Set in the 24th century, the series follows the adventures of the crew of the Starfleet-run space station Deep Space Nine. In later seasons of the series, the United Federation of Planets comes into conflict with a hostile empire known as the Dominion; when the Dominion absorbs the nearby planet of Cardassia, the Federation forms an alliance with the Klingon Empire for mutual defense. This episode focuses on Klingon characters including Worf, a Klingon officer in Starfleet, and General Martok, the Klingon Empire's liaison to Deep Space Nine, as Martok takes command of a ship, only to find its crew demoralized by recent losses against the Dominion.

==Plot==

Martok receives a message from the Klingon government stating that he has been assigned to retrieve a missing Klingon vessel, the B'Moth, lost several days ago. The Klingon High Council assigns the General a ship of his own, the Rotarran, to accomplish the mission. He departs Deep Space Nine along with his newly appointed First Officer, Worf, who has signed on to the mission at Martok's request. Worf's lover Jadzia Dax, a devotee of Klingon culture, joins them as the ship's Science Officer. The Rotarran is Martok's first command since his escape from a Dominion prison camp, and he is dismayed to find that the crew's morale has been destroyed by a series of punishing losses at the hands of the Dominion's ruthless soldiers, the Jem'Hadar.

The morale situation is only made worse by Martok's overcautious nature and unwillingness to go into battle, and because of this he misses a chance for an easy victory. Dax, acting as a Klingon would, challenges Worf about the General's behavior, which Worf will hear none of. In the mess hall, Dax is forced to stun a Klingon officer with her phaser when a pair of officers get into violent argument, almost causing the death of one of them. After this, Dax angrily confronts Worf about it and tells him that he needs to deal with the General by challenging him for command.

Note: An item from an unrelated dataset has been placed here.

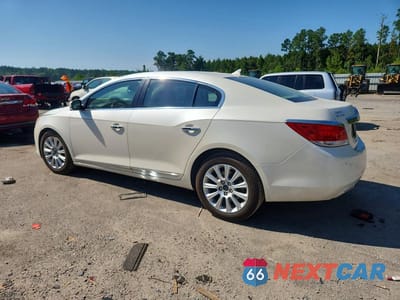 Drugie zdjęcie samochodu z przodu: 2013 BUICK LACROSSE PREMIUM VIN:1G4GF5E30DF180771 - miniatura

The B'Moth, the missing Klingon vessel, is found just across the Cardassian border, but Martok, fearing that the Jem'Hadar left it behind as a trap, refuses to enter Cardassian territory to rescue it. Worf realizes Martok is paralyzed by fear. Reluctantly, he decides to challenge Martok for control of the ship. A knife fight ensues, during which Worf sees that Martok's fear is gone and allows him to win the fight. Worf sustains a nasty wound yet survives, putting Martok into a battle frenzy just as a Jem'Hadar ship approaches. The revitalized crew defeats the enemy, rescues the B'Moth, and returns to Deep Space Nine as victors for the first time. Martok is forever grateful to Worf for reminding him of his duty as a Klingon warrior, and offers him a place in the House of Martok.

== Reception ==

Zach Handlen of The A.V. Club called the episode "an exciting, well-paced underdog saga".

In 2016, The Hollywood Reporter rated "Soldiers of the Empire" the 44th best television episode of all Star Trek franchise television prior to Star Trek: Discovery. Within the series, they ranked "Soldiers of the Empire" as the tenth best episode of the show.

In 2018, Nerdist ranked this episode the eighth most essential episode of the series.